» TASK STATEMENT: Word for word, copy the lines beginning at the one with "Mercedes Benz 2.0" and ending at the last line below; pictures stay out.

» SUPPLIED MATERIAL:
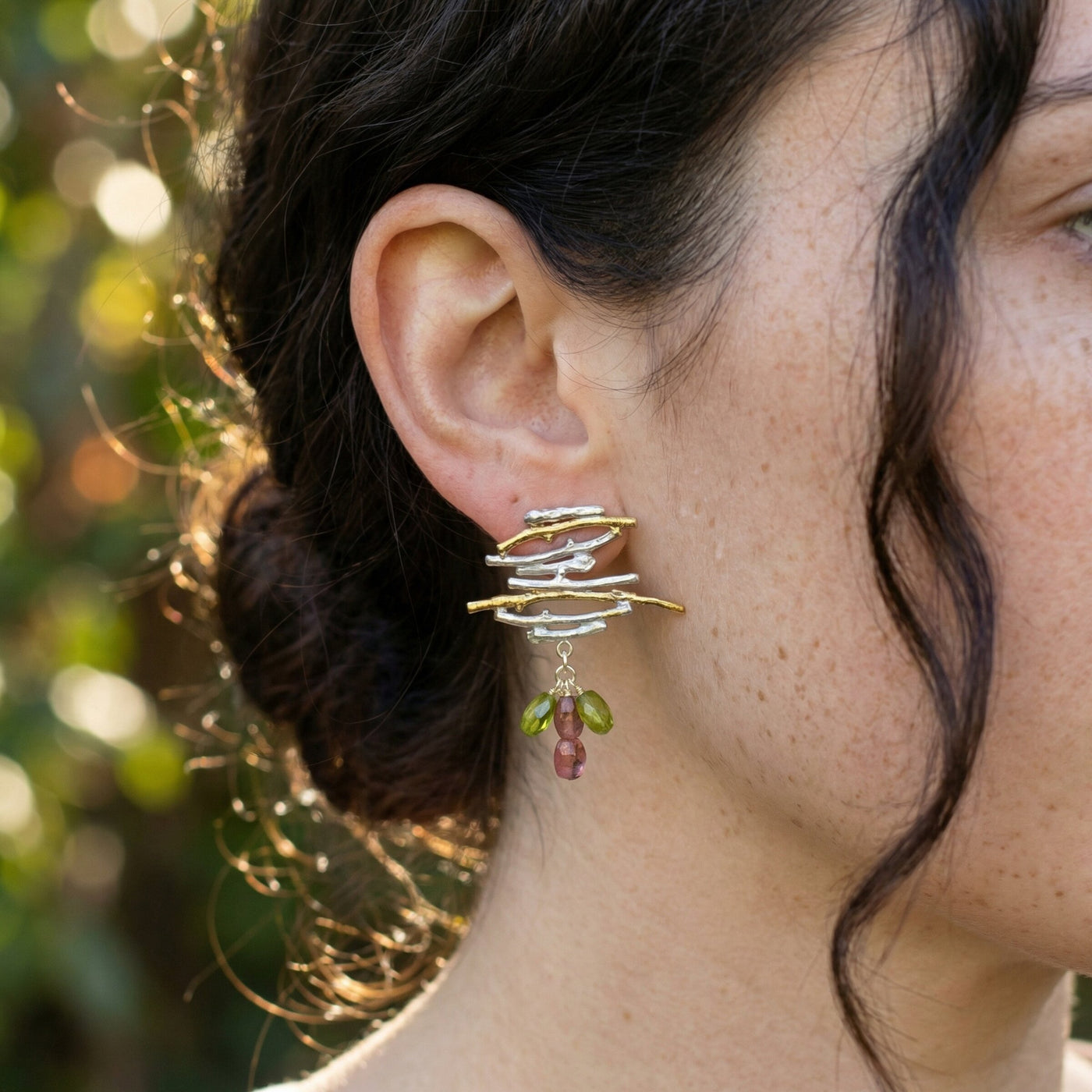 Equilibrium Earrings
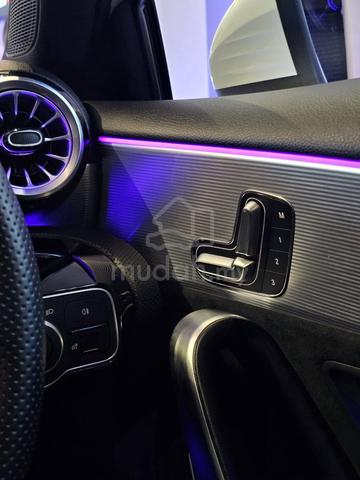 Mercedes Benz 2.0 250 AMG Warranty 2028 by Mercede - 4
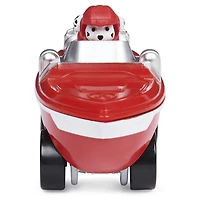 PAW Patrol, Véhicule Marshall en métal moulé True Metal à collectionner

» RESULT OF THE TASK:
 Mercedes Benz 2.0 250 AMG Warranty 2028 by Mercede - 4
 PAW Patrol, Véhicule Marshall en métal moulé True Metal à collectionner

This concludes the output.